方玉武仰天长啸,声音凄厉如鬼哭,震得附近房屋瓦片簌簌掉落。
他猛地抬手,五指成爪,隔空就要将头颅摄来。
然而,一道透明的涟漪在半空荡开,罡气撞击在防护大阵上,发出“嗡”
的一声闷响,竟被生生弹了回去。
大阵纹丝不动。
方玉武脸色铁青,目光如刀,死死盯向院中那道身影。
“秦峰!”
他一字一顿,声音几乎是从喉咙深处挤出,“我方家与你无冤无仇,你为何要杀我儿,还如此羞辱?”

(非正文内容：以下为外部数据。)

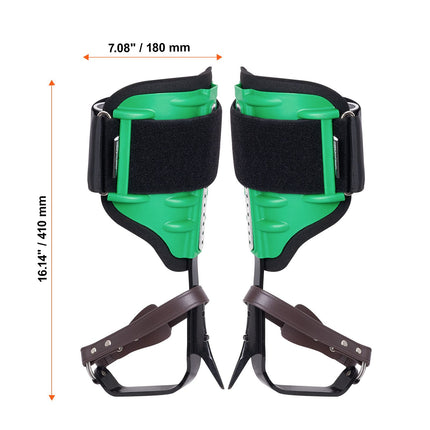 Tree Climbing Spikes, 1 Pair Alloy Steel Climbing Spurs, 350lbs Load Capacity Tree Climbing Gear with Straps and Spike Protectors, Arborist Equipment for Climbers, Hunting, Fruit Picking, Green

秦峰缓步走到阵法边缘,隔着光幕与方玉武对视,语气淡漠:“方家主还真会装无辜。”
“你儿子带人埋伏在南离城外三十里的树林中伏杀我,别告诉我这事你不知道。”
“想杀我,就要有被反杀的觉悟。
技不如人,被我一剑斩杀,有什么可怪的?”
方玉武胸口剧烈起伏,指着旗杆上的头颅,声音发颤:“那你将他头颅挂在这里示众,是何意思?”
秦峰负手,淡淡道:“也没什么特别的意思。
就是想让南离城所有人都了解一下情况。”
“方家贩卖人族修士,结果反被我格杀,尸首分离,挂在此处三天三夜,以儆效尤。”
此言一出,四周围观之人顿时哗然。
人群越聚越多,修士、散修、商贾、甚至一些小家族的家主都远远围观,窃窃私语。
“方家这次踢到铁板了。”
“新来的镇守大人好狠的手段。
直接把方家少主的头挂旗杆上,这脸打得……啪啪响啊。”
“以前的镇守哪个不是被方家捏着鼻子走?这个秦峰不一样,一来就挑了方家的商会,现在又宰了他们的天骄……痛快。
太痛快了。”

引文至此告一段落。